Submit the Spark job and confirm the cluster devoted HMS setup
On this sample, you’ll submit Spark jobs in analytics-cluster. The Spark jobs will hook up with the HMS service in the identical information processing EKS cluster.
- Submit the job.
- Confirm the standing.
- Describe driver pod and observe the variety of containers connected to the driving force pod. Wait till the standing modifications from
ContainerCreatingtoWorking(ought to take just some seconds).
- View the driving force logs to validate the output.
- After profitable completion of the job, you need to see the next message within the logs. The tabular output efficiently validates the setup of cluster devoted HMS.
Exterior HMS
To implement an exterior HMS sample, the Spark utility requires organising an HMS URI for the service endpoint uncovered by hivemetastore-cluster.
- Execute the next script to configure
hivemetastore-clusterfor Exterior HMS sample.
- Assessment the Spark job manifest file
spark-hms-external-job.yaml. This file is created by substituting variables within thespark-hms-external-job.tpltemplate throughout the setup course of. The next pattern highlights key sections of the manifest file.
Submit the Spark job and confirm the HMS in a separate EKS cluster setup
To confirm the setup, submit Spark jobs in analytics-cluster and datascience-cluster. The Spark jobs will hook up with the HMS service within the hivemetastore-cluster.
Use the next steps for analytics-cluster after which for datascience-cluster to confirm that each clusters can hook up with the HMS on hivemetastore-cluster.
- Run the spark job to check the profitable setup. Exchange <CONTEXT_NAME> with Kubernetes context for
analytics-clusterafter which fordatascience-cluster.
- Describe the
sparkapplicationobject.
- Listing the pods and observe the variety of containers connected to the driving force pod. Wait till the standing modifications from
ContainerCreatingtoWorking(ought to take just some seconds).
- View the driving force logs to validate the output on the info processing cluster.
- The output ought to seem like the next. The tabular output efficiently validates the setup of HMS in a separate EKS cluster.
Clear up
To keep away from incurring future fees from the assets created on this tutorial, clear up your atmosphere after you’ve accomplished the steps. You are able to do this by operating the cleanup.sh script, which can safely take away all of the assets provisioned throughout the setup.
Conclusion
On this publish, we’ve explored the design patterns for implementing the Hive Metastore (HMS) with EMR on EKS with Spark Operator, every providing distinct benefits relying in your necessities. Whether or not you select to deploy HMS as a sidecar container throughout the Apache Spark Driver pod, or as a Kubernetes deployment within the information processing EKS cluster, or as an exterior HMS service in a separate EKS cluster, the important thing concerns revolve round communication effectivity, scalability, useful resource isolation, excessive availability, and safety.

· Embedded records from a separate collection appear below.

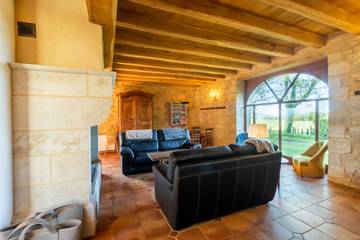 Location De Vacances pour 10 Personnes dans Sainte-Trie, Dordogne, Photo 2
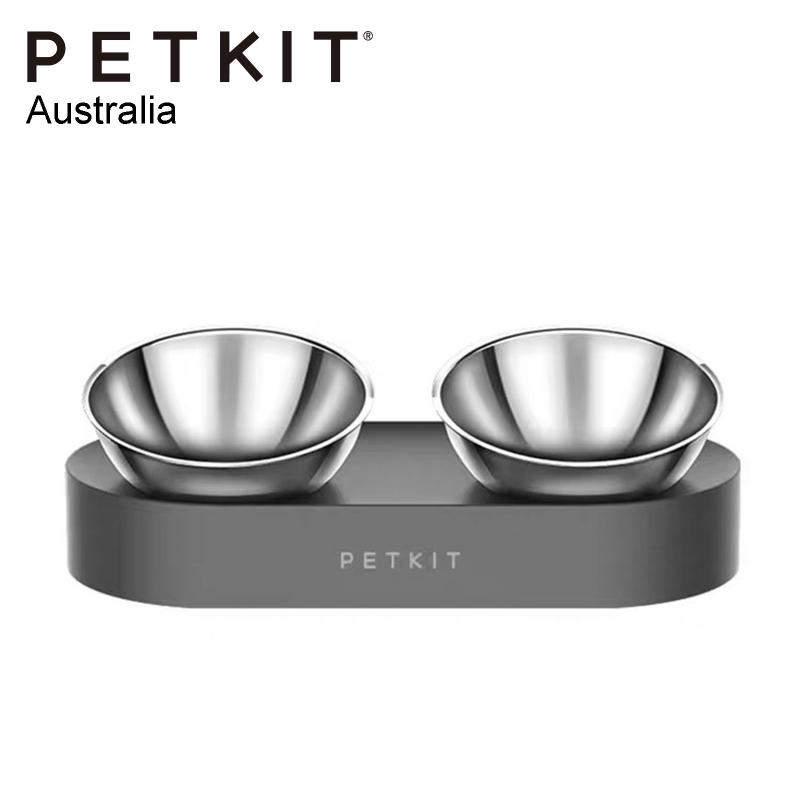 小佩PETKIT可调节猫碗猫咪双碗 不锈钢双食碗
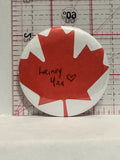 Canadian Maple Leaf Laing Yau Button Pinback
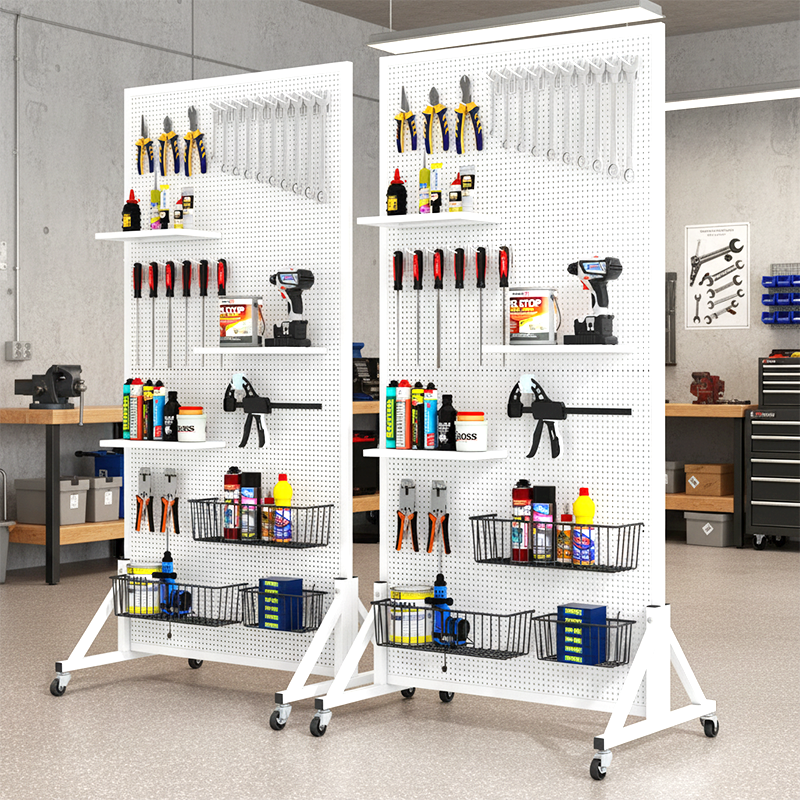 Pegboard Rack Stand Pegboard Stand Pegboard Organizer Pegboard Shelf ...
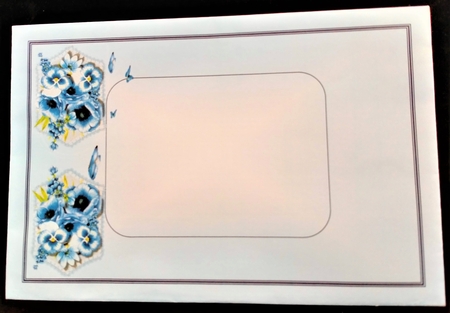 Print, Cut and Fold , Beautiful Blue Flowers by Margarette Blakeborough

We encourage you to experiment with these patterns in your individual setups, adapting them to suit your distinctive workloads and operational wants. By understanding and making use of these design patterns, you possibly can optimize your Hive Metastore deployments for efficiency, scalability, and safety in your EMR on EKS environments. Discover additional by deploying the answer in your AWS account and share your experiences and insights with the neighborhood.
In regards to the Authors
Avinash Desireddy is a Cloud Infrastructure Architect at AWS, obsessed with constructing safe functions and information platforms. He has intensive expertise in Kubernetes, DevOps, and enterprise structure, serving to clients containerize functions, streamline deployments, and optimize cloud-native environments.
Suvojit Dasgupta is a Principal Knowledge Architect at AWS. He leads a workforce of expert engineers in designing and constructing scalable information options for AWS clients. He makes a speciality of growing and implementing modern information architectures to deal with advanced enterprise challenges.